<<<<

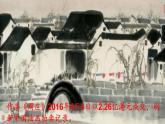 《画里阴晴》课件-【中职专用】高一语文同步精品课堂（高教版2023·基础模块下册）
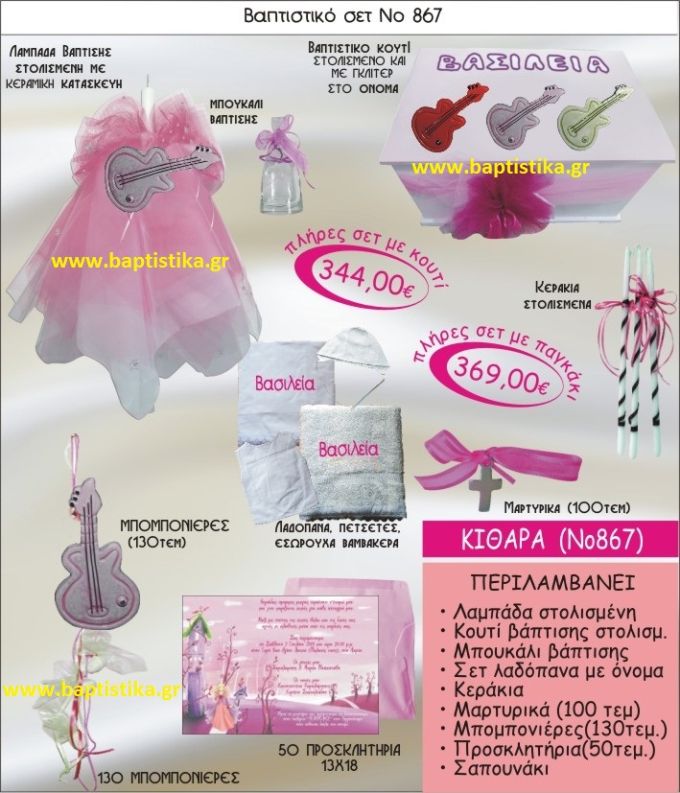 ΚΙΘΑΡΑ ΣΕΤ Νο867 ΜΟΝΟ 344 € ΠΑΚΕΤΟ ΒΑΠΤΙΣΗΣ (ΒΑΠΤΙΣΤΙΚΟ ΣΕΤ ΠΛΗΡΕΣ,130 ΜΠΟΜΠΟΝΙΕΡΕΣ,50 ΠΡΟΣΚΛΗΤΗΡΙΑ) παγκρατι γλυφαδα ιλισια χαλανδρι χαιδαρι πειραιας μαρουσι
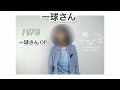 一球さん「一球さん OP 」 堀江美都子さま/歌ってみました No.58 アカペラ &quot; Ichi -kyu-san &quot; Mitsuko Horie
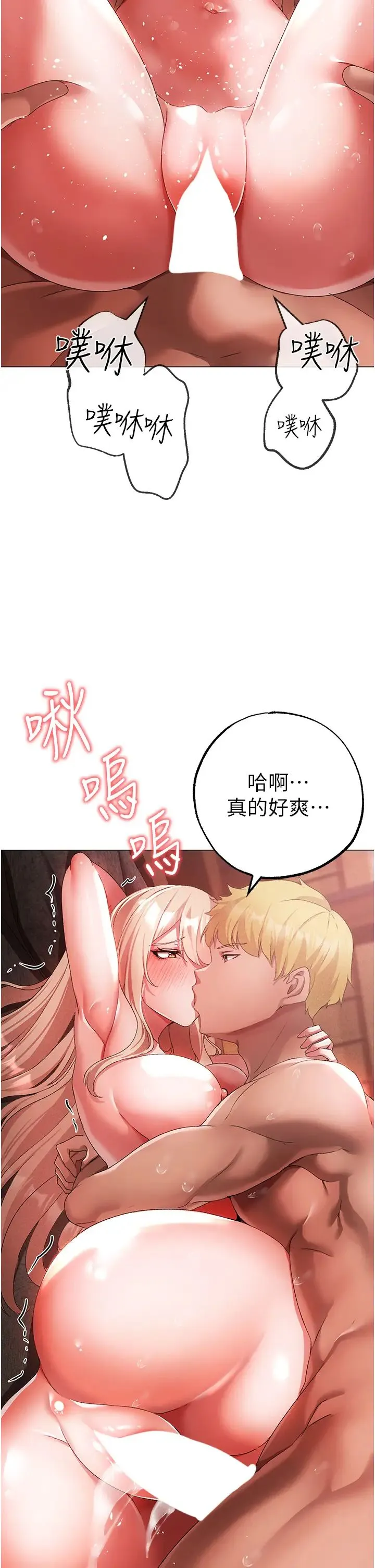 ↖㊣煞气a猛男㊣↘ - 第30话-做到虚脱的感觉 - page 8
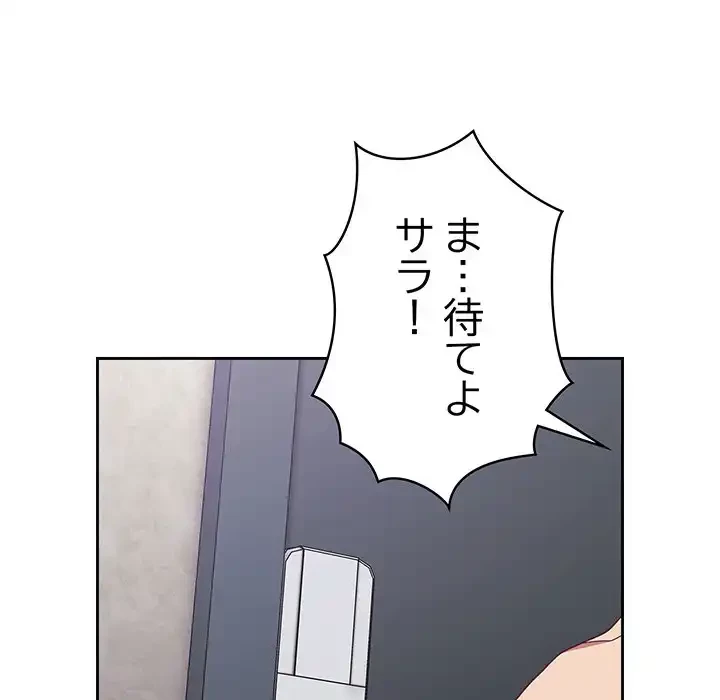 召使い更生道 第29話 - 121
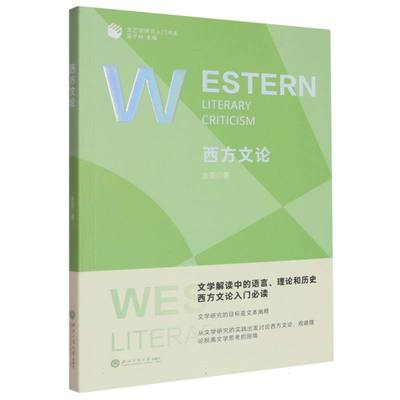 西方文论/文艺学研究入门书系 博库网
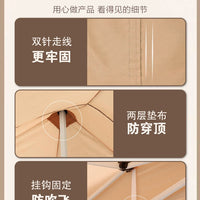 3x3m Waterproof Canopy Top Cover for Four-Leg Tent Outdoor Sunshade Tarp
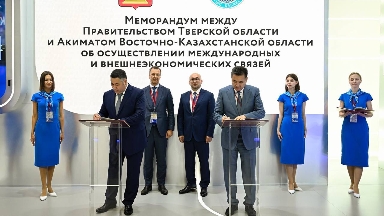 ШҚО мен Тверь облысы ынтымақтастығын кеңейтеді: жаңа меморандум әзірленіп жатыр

>>>>

» **Task**
The entries are to be written out again exactly, though without any images.

» **Exercise result**
 《画里阴晴》课件-【中职专用】高一语文同步精品课堂（高教版2023·基础模块下册）
 ΚΙΘΑΡΑ ΣΕΤ Νο867 ΜΟΝΟ 344 € ΠΑΚΕΤΟ ΒΑΠΤΙΣΗΣ (ΒΑΠΤΙΣΤΙΚΟ ΣΕΤ ΠΛΗΡΕΣ,130 ΜΠΟΜΠΟΝΙΕΡΕΣ,50 ΠΡΟΣΚΛΗΤΗΡΙΑ) παγκρατι γλυφαδα ιλισια χαλανδρι χαιδαρι πειραιας μαρουσι
 一球さん「一球さん OP 」 堀江美都子さま/歌ってみました No.58 アカペラ &quot; Ichi -kyu-san &quot; Mitsuko Horie
 ↖㊣煞气a猛男㊣↘ - 第30话-做到虚脱的感觉 - page 8
 召使い更生道 第29話 - 121
 西方文论/文艺学研究入门书系 博库网
 3x3m Waterproof Canopy Top Cover for Four-Leg Tent Outdoor Sunshade Tarp
 ШҚО мен Тверь облысы ынтымақтастығын кеңейтеді: жаңа меморандум әзірленіп жатыр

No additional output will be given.